(What you are asked to do)
Print every record below exactly as written.

(Records for the exercise)
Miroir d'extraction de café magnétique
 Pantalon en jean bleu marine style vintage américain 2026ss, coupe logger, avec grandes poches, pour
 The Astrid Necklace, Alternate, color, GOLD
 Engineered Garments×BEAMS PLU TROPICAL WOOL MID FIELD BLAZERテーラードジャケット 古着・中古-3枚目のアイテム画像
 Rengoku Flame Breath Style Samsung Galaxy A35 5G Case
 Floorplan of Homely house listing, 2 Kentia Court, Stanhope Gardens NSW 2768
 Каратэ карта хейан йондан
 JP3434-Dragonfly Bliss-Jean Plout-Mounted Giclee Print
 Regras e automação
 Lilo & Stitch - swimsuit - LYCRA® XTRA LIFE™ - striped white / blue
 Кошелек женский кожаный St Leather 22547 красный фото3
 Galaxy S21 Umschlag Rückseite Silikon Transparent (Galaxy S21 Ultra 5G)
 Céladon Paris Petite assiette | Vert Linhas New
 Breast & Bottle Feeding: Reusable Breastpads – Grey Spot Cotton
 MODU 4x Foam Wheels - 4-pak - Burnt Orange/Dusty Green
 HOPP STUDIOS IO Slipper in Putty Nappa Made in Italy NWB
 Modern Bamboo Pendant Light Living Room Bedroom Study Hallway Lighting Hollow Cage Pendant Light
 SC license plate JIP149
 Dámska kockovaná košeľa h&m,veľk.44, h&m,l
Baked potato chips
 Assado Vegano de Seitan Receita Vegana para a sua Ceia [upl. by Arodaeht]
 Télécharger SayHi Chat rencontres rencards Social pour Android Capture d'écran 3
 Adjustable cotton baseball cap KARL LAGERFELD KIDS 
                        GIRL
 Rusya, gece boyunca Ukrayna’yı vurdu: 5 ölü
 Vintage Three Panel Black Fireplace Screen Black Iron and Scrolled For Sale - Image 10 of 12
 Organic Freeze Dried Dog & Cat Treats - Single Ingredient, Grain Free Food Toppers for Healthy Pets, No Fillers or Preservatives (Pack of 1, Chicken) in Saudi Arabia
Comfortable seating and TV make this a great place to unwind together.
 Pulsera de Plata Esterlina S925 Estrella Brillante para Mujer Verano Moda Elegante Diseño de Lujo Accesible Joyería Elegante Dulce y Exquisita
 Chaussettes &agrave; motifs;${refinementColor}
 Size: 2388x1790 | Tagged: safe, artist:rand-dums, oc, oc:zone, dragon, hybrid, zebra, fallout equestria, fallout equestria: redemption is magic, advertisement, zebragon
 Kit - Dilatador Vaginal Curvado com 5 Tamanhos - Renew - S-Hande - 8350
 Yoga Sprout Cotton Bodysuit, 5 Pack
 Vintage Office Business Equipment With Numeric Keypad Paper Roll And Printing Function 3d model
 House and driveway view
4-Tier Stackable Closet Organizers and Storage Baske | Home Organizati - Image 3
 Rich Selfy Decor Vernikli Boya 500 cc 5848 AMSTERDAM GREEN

(Response to the exercise)
Miroir d'extraction de café magnétique
 Pantalon en jean bleu marine style vintage américain 2026ss, coupe logger, avec grandes poches, pour
 The Astrid Necklace, Alternate, color, GOLD
 Engineered Garments×BEAMS PLU TROPICAL WOOL MID FIELD BLAZERテーラードジャケット 古着・中古-3枚目のアイテム画像
 Rengoku Flame Breath Style Samsung Galaxy A35 5G Case
 Floorplan of Homely house listing, 2 Kentia Court, Stanhope Gardens NSW 2768
 Каратэ карта хейан йондан
 JP3434-Dragonfly Bliss-Jean Plout-Mounted Giclee Print
 Regras e automação
 Lilo & Stitch - swimsuit - LYCRA® XTRA LIFE™ - striped white / blue
 Кошелек женский кожаный St Leather 22547 красный фото3
 Galaxy S21 Umschlag Rückseite Silikon Transparent (Galaxy S21 Ultra 5G)
 Céladon Paris Petite assiette | Vert Linhas New
 Breast & Bottle Feeding: Reusable Breastpads – Grey Spot Cotton
 MODU 4x Foam Wheels - 4-pak - Burnt Orange/Dusty Green
 HOPP STUDIOS IO Slipper in Putty Nappa Made in Italy NWB
 Modern Bamboo Pendant Light Living Room Bedroom Study Hallway Lighting Hollow Cage Pendant Light
 SC license plate JIP149
 Dámska kockovaná košeľa h&m,veľk.44, h&m,l
Baked potato chips
 Assado Vegano de Seitan Receita Vegana para a sua Ceia [upl. by Arodaeht]
 Télécharger SayHi Chat rencontres rencards Social pour Android Capture d'écran 3
 Adjustable cotton baseball cap KARL LAGERFELD KIDS 
                        GIRL
 Rusya, gece boyunca Ukrayna’yı vurdu: 5 ölü
 Vintage Three Panel Black Fireplace Screen Black Iron and Scrolled For Sale - Image 10 of 12
 Organic Freeze Dried Dog & Cat Treats - Single Ingredient, Grain Free Food Toppers for Healthy Pets, No Fillers or Preservatives (Pack of 1, Chicken) in Saudi Arabia
Comfortable seating and TV make this a great place to unwind together.
 Pulsera de Plata Esterlina S925 Estrella Brillante para Mujer Verano Moda Elegante Diseño de Lujo Accesible Joyería Elegante Dulce y Exquisita
 Chaussettes &agrave; motifs;${refinementColor}
 Size: 2388x1790 | Tagged: safe, artist:rand-dums, oc, oc:zone, dragon, hybrid, zebra, fallout equestria, fallout equestria: redemption is magic, advertisement, zebragon
 Kit - Dilatador Vaginal Curvado com 5 Tamanhos - Renew - S-Hande - 8350
 Yoga Sprout Cotton Bodysuit, 5 Pack
 Vintage Office Business Equipment With Numeric Keypad Paper Roll And Printing Function 3d model
 House and driveway view
4-Tier Stackable Closet Organizers and Storage Baske | Home Organizati - Image 3
 Rich Selfy Decor Vernikli Boya 500 cc 5848 AMSTERDAM GREEN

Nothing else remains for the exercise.